Ten years ago E&U wanted to connect the meters for campus supplied utilities and selected utility operating points into a hybrid Automated Meter Reading system. The equipment would have to communicate securely across numerous decentralized Ethernet networks to a central PI Server. To date Harvard have 650 meters connected representing 90% of the total internally supplied campus energy load. This presentation will go over the system architecture, and numerous examples of how data from the PI System is used to troubleshoot operations, assist in capital planning, save manpower and money, and to promote sustainability within the general population by using PI ProcessBook, PI DataLink, and PI WebParts.

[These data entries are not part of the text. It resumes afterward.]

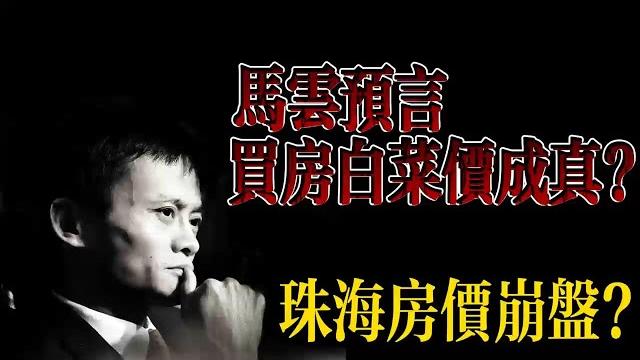 馬雲預言房價如蔥成真?|珠海房價真實情況|珠海房產避雷|珠海房產|避坑指南 馬雲預言房價如蔥成真?|珠海房價真實情況|珠海房產避雷|珠海房產|避坑指南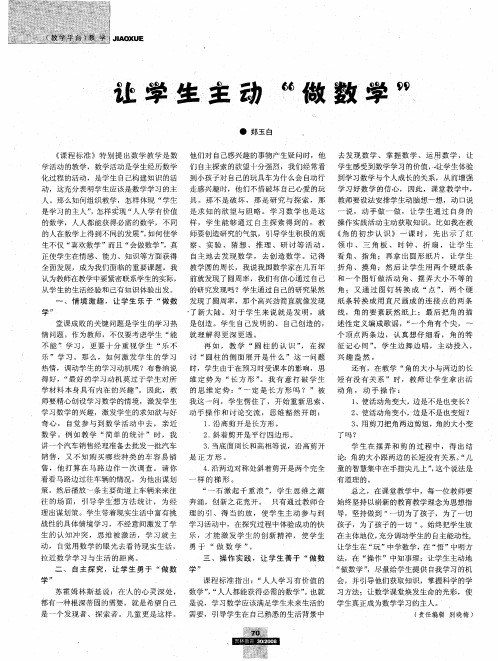 让学生主动“做数学”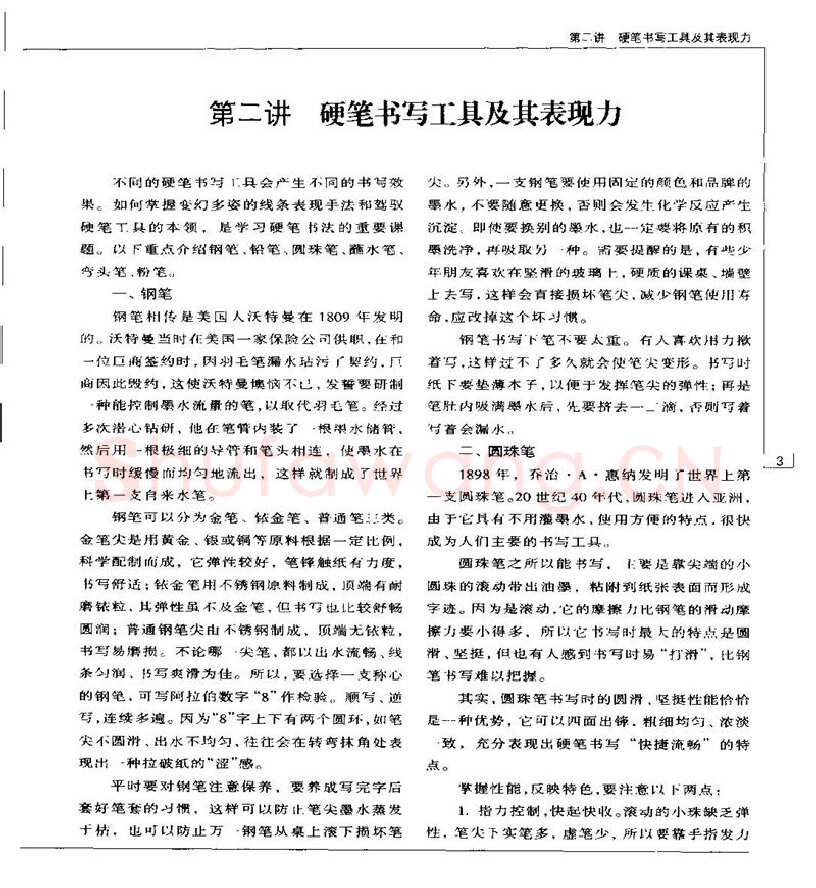 钱沛云硬笔楷书字帖,摘自钱沛云 硬笔书法五十讲 字帖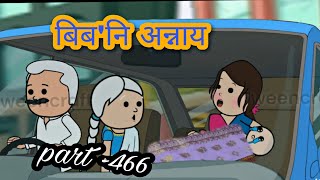 बिब'नि अन्नाय biboni onnai part -466 || bodo cartoon || bodo cartoon video || hello bodoland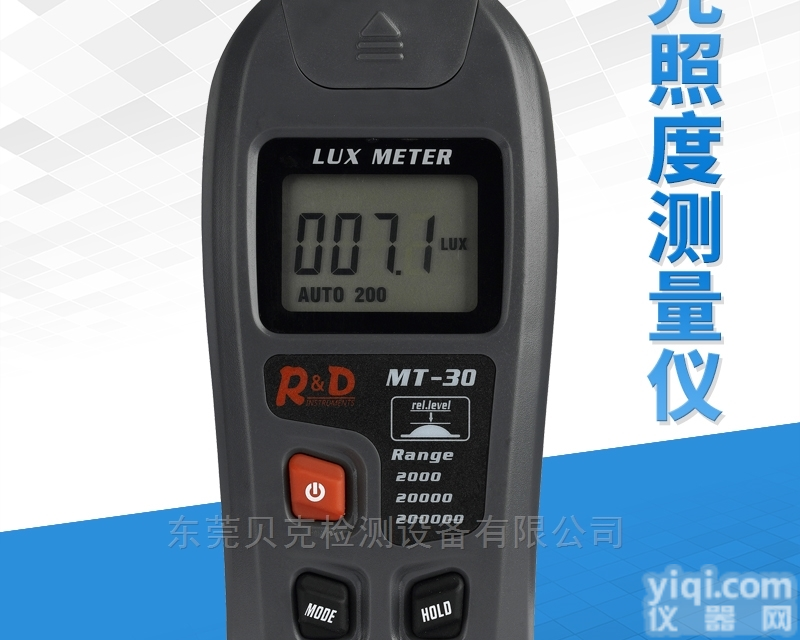 <em>高精度</em><em>便携式</em>数字<em>照度计</em>东莞厂家供应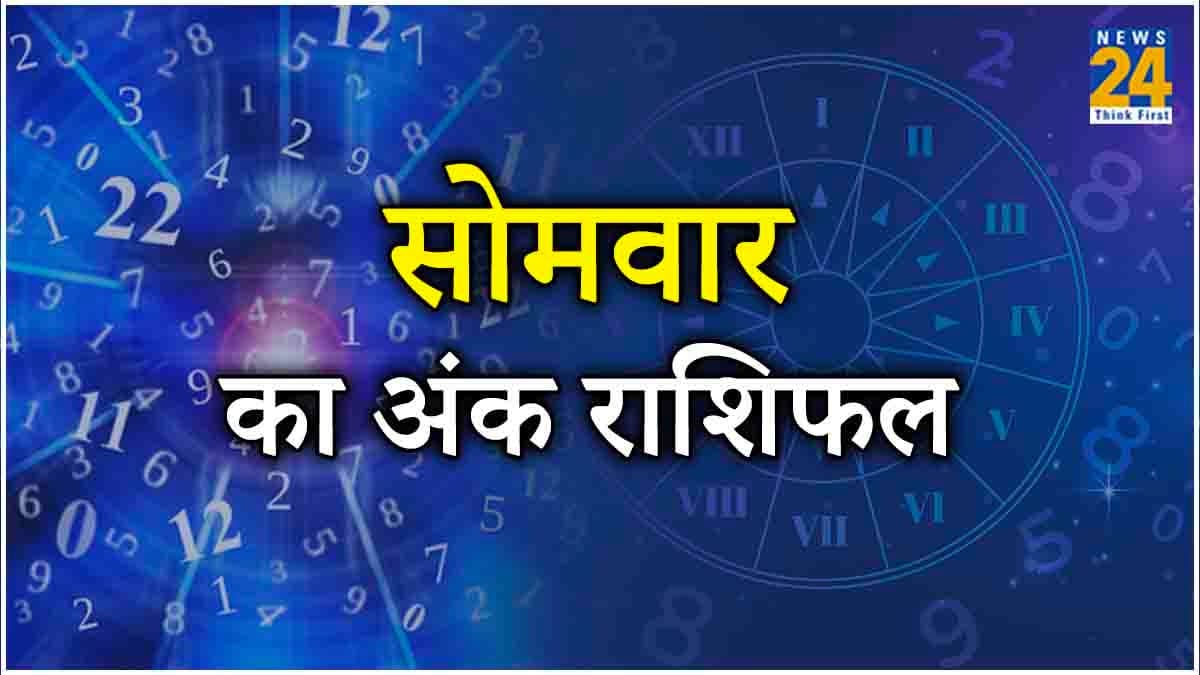Numerology Ank Rashifal, numerology prediction, ank jyotish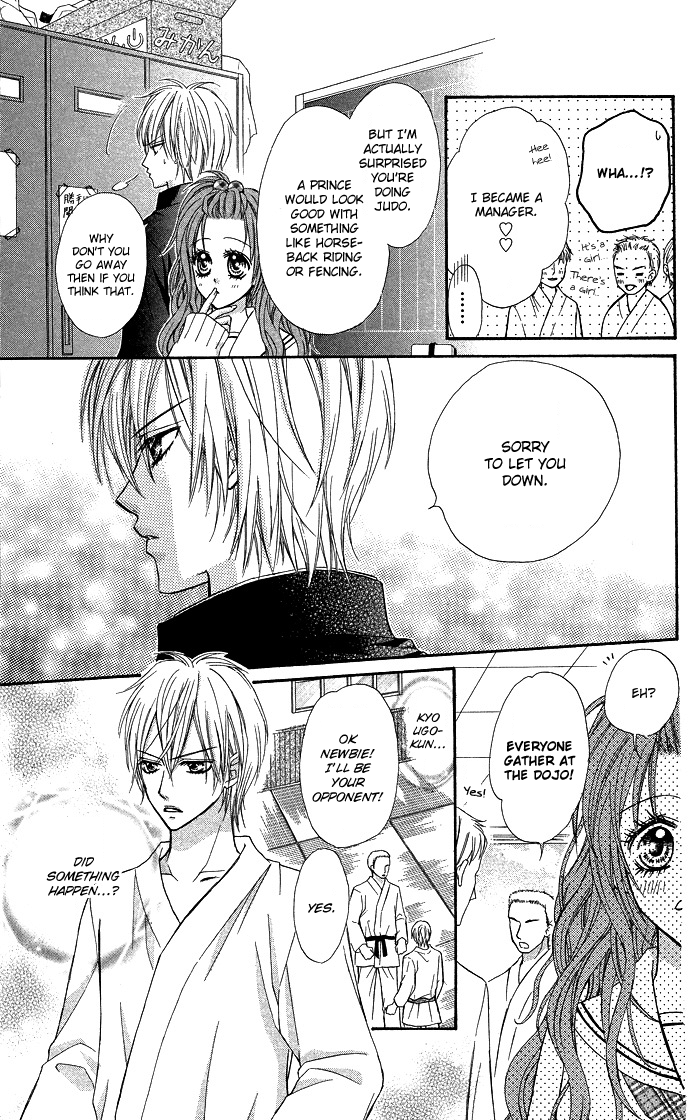 Setsuna Yuki Chapter 4.2 page 11 - Chapter 4 v2 : First-Rate King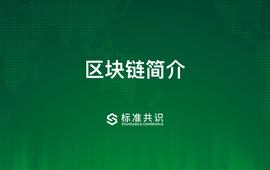 区块链:区块链简介_GDP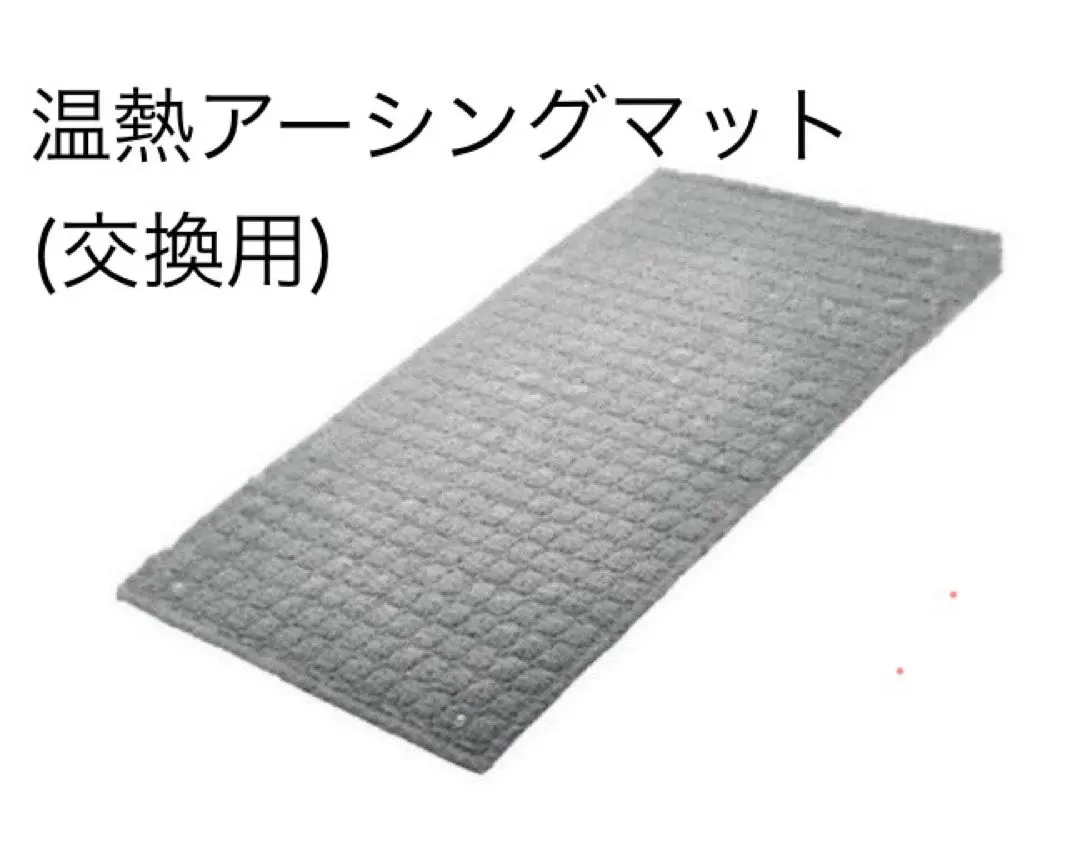 2026年最新】アーシングマット ジェンマの人気アイテム - メルカリ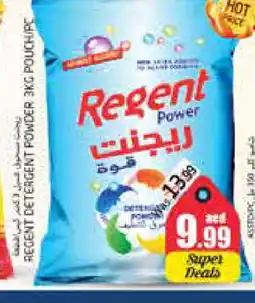 Pasons REGENT Detergent offer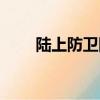 陸上防衛隊百變小櫻（陸上防衛隊）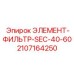 Фото элемента фильтра SEC-40-60 Epiroc номер 2107164250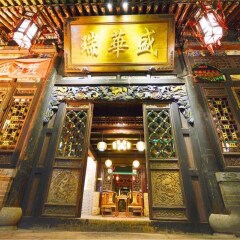 酒店模块 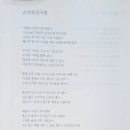 춘하추동 이미지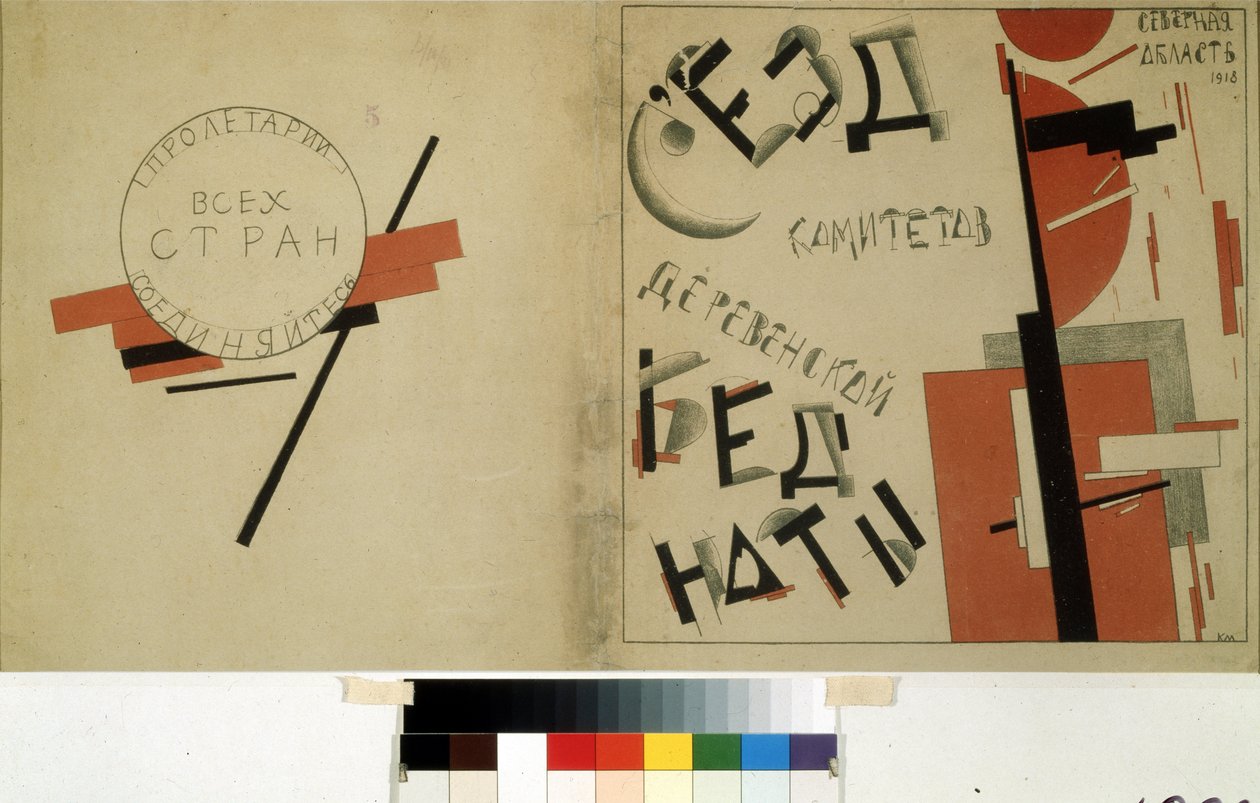 Portfolio na Krajowy Kongres Ubóstwa w Pałacu Zimowym. (Portfolio Kongresu Ubóstwa Wiejskiego w Zimowym Pałacu). Praca Kasimira Severinovicha Malewicza (Malevich, Malevic) (1878-1935), akwarela i tusz na papierze autorstwa Kazimir Severinovich Malevich
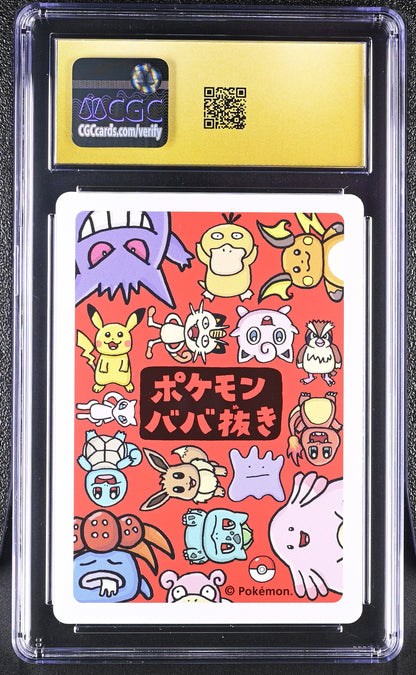 Old Maid Poké Ball CGC 10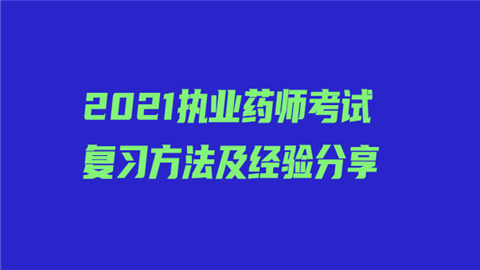 2021执业药师考试复习方法及经验分享.png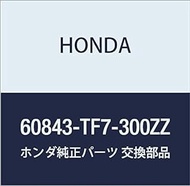 Genuine Honda Parts Stifner R. Side Frame Front End Fit Shuttle Fit Shuttle Hybrid Part Number 60843-TF7-300ZZ
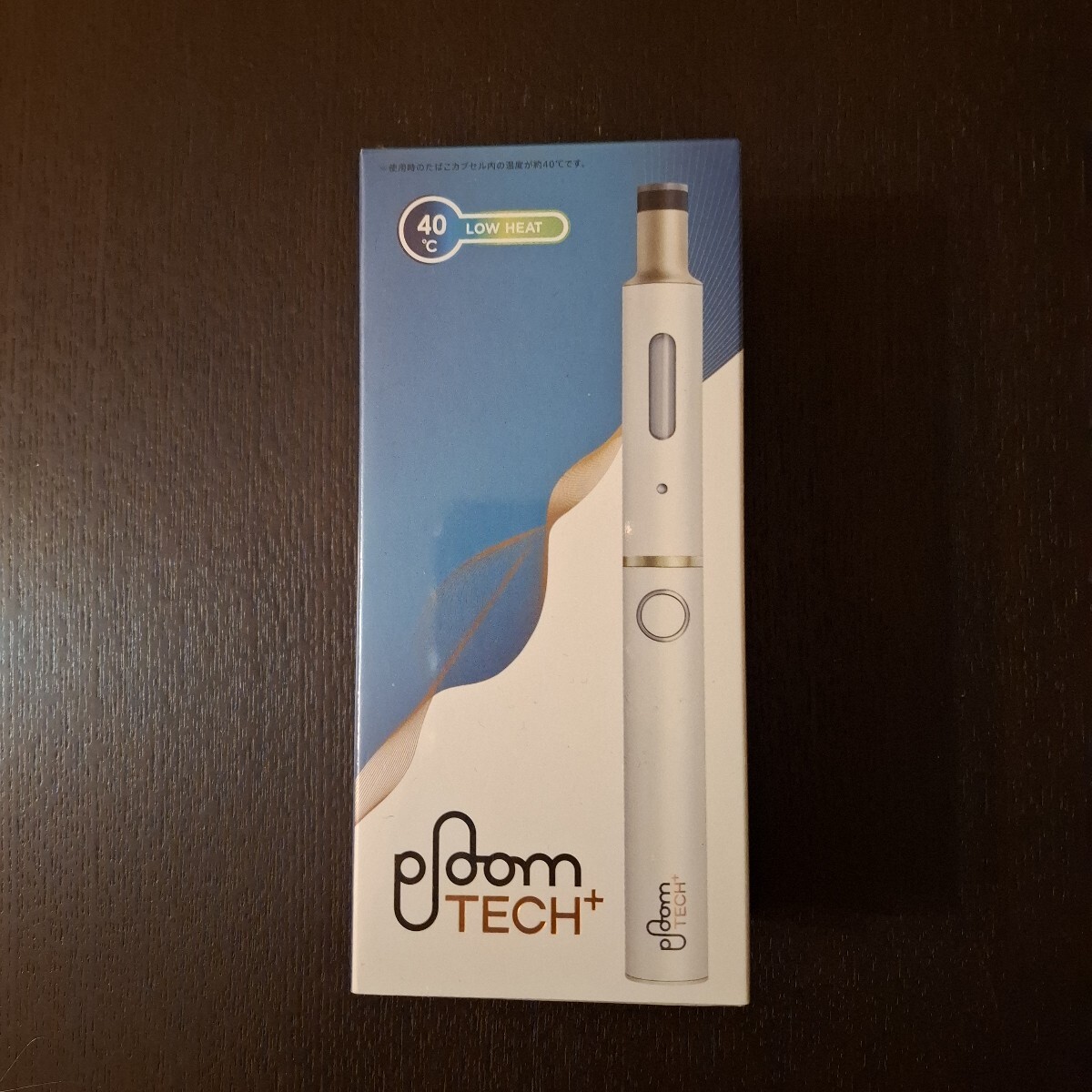 Yahoo!オークション -「プルームテック スターターキット 新品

Craig Bradford work as a principal operations engineer in the Engineering & Utilities department for Campus Services at Harvard University. He work closely with the steam, chilled water, and high tension distribution teams to maintain an extensive utility distribution system, as well as an automated meter reading and utility data acquisition system. Prior to this position, Craig worked as a Project Engineer for the Base Civil Engineer, working on utility projects for a medium sized Air Force base in Bedford, MA, as well as for Raytheon Integrated Defense Systems, where he worked to develop a diesel power system for an automated data relay buoy for the US Navy. Craig holds a BS in Mechanical Engineering from Boston University and an MS in Mechanical Engineering from Stanford University.